Wednesday
3rd February fresh SW sunny intervals, 14C
Early
morning at Middlebeare, two foxes are well and truly stuck after
their night of passion. For two hours they stand back to back,
occasionally struggling to separate and snap at each other but to no
avail.
Three
spoonbills are out in the channel and a barn owl flaps past
moth-like.
As
for the foxes, I am videoing their predicament when suddenly they're
free. The larger of the two just sits looking exhausted.

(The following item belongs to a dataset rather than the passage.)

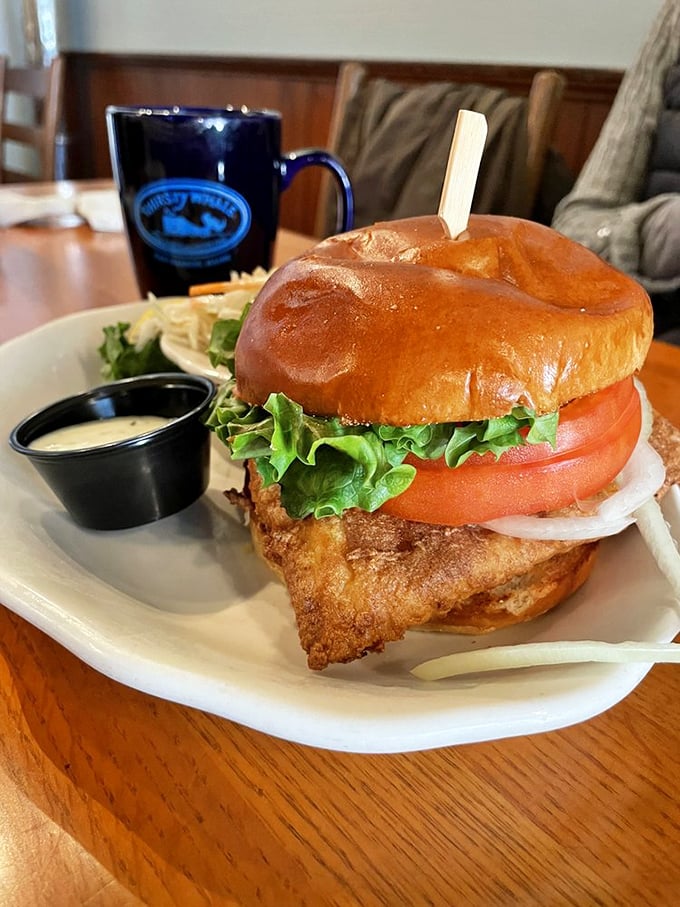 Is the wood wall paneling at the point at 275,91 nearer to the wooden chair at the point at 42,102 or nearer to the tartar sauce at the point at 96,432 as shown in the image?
the wooden chair at the point at 42,102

The smaller
one jumps around and dashes a few yards left and right before
rejoining the partner for some gentle jaw open sparring.
In
all my many years of watching nature I have never seen this before,
an eight-legged foxy pushme-pullyou.
To
Swanage after looking over for hen harriers with no luck I
cycle. Through the village of Corfe and along the undulating road I
cycle and go to a very dear friend, Perry's house. Unfortunately she
isn't in and so I leave a message on the door and start to explore
the old places I loved here back when Swanage was our home.
Around
to Peveril Point and the plaque to the husband of Perry, Gordon
Barnes, who died almost ten years ago. Gordon was the closest friend,
other than my last wife, Karen, that I ever had. Gordon was born in
Birmingham, like myself, yet in 1960 this young man became the
assistant warden at the Fair isle Bird Observatory. He then became a
crofter on that Fair Isle before leaving there in 1975 to sheep farm
in Wales. I met him in Swanage, at Peveril Point, after he and Perry
had retired from their third farm, a mixed farm in Devon. I
photographed the bike with Gordon's plaque.
A
phone call from Perry and a quick cycle ride to her house to spend an
afternoon looking at Gordon's Fair Isle notebooks; notebooks that
detailed incredibly rare birds that he's seen there. Page after page
of his notes and drawings, list after list of birding seen, birds
ringed and even one list detailing birds oiled by fulmars.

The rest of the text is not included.